■ DATA PROVIDED:
==============================
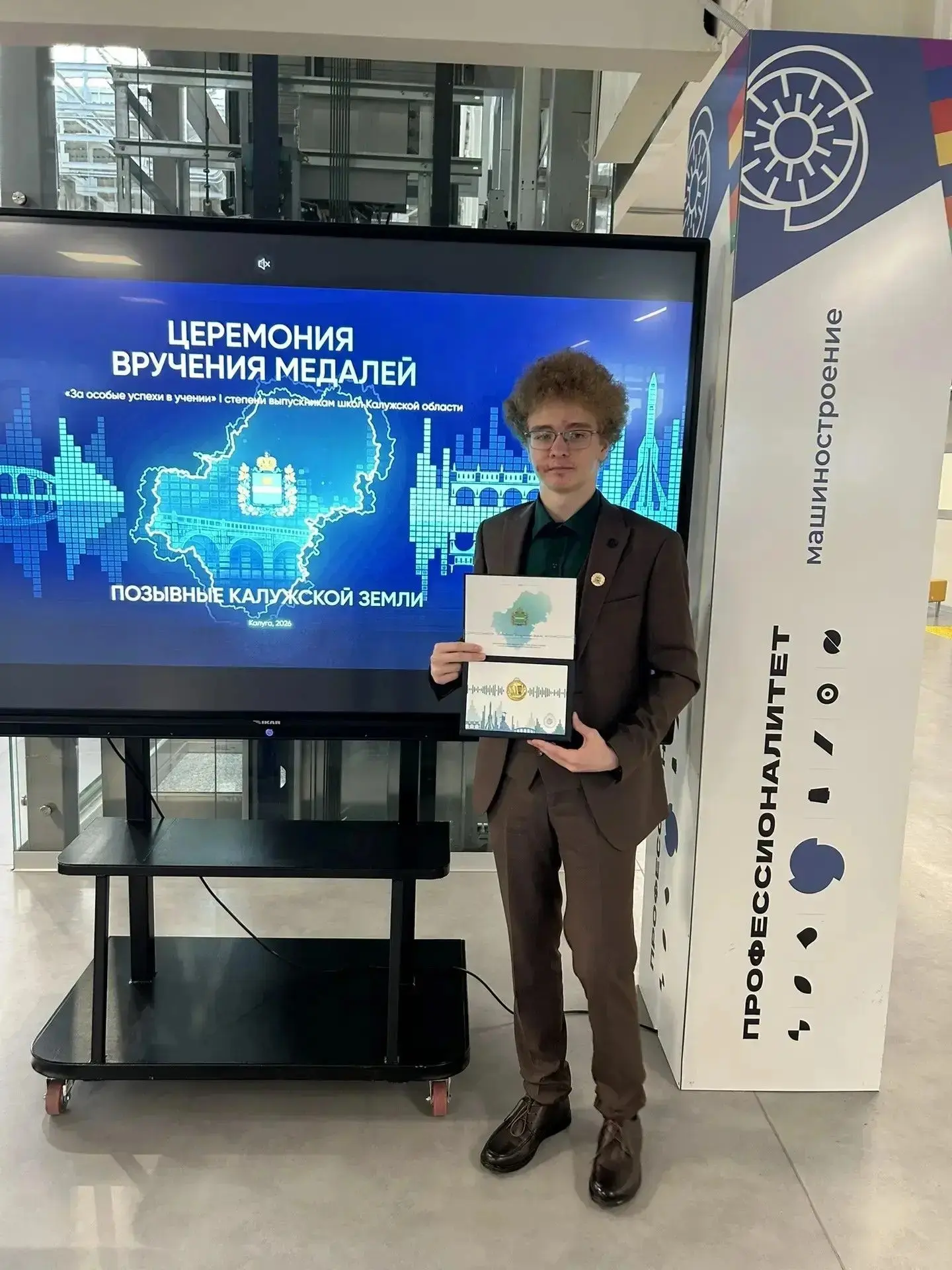 💥 Поздравляем нашего золотого медалиста Кукушкина Савелия!
✨ В Калуге 30 июня чествовали лучших вып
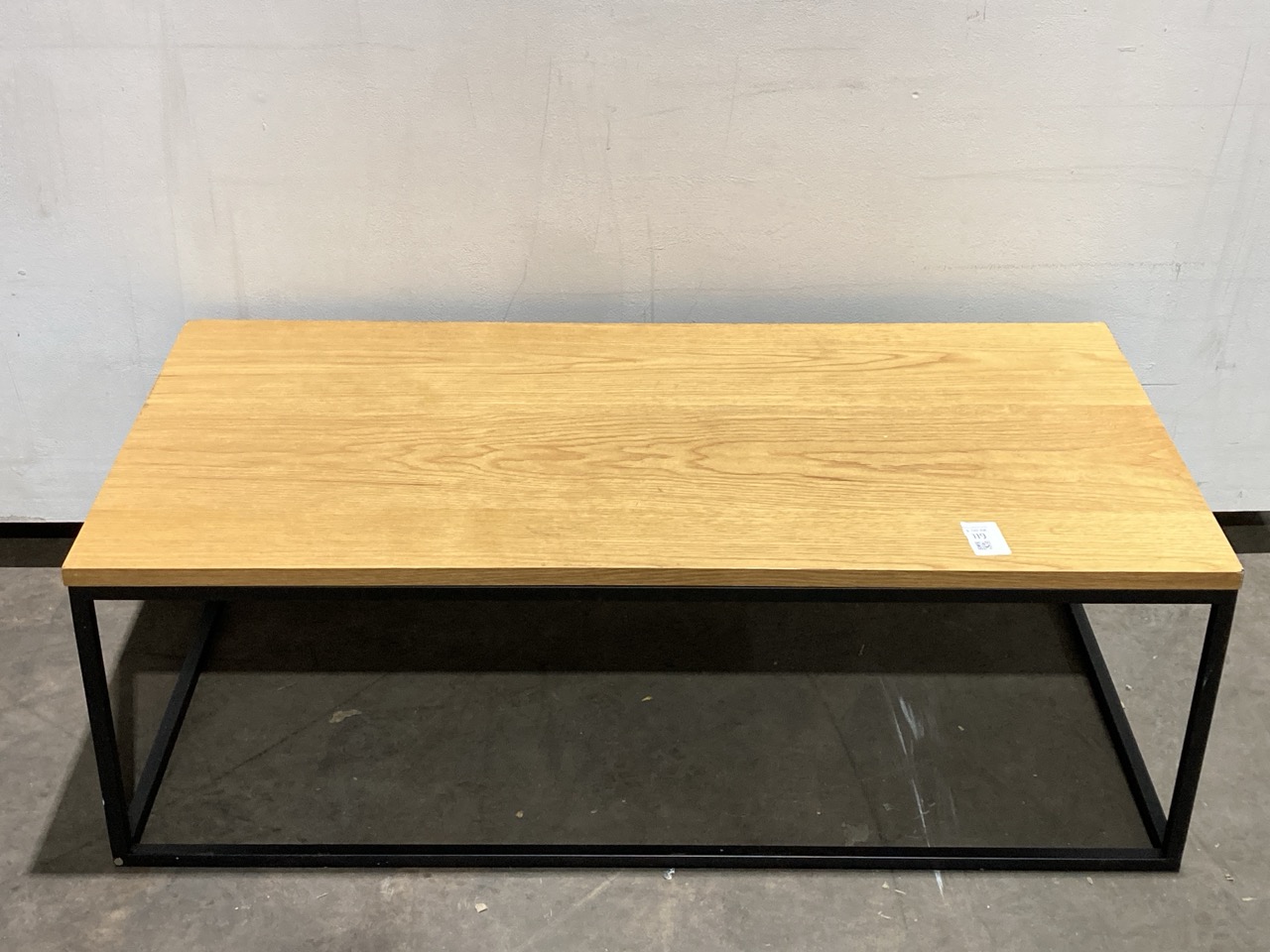 Lot 119  
            Birmingham - Collection or Delivery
==============================
■ YOUR OBJECTIVE: Could each line of the data be written out exactly, with no pictures included?

■ ANSWER FOR THE TASK:
 💥 Поздравляем нашего золотого медалиста Кукушкина Савелия!
✨ В Калуге 30 июня чествовали лучших вып
 Lot 119  
            Birmingham - Collection or Delivery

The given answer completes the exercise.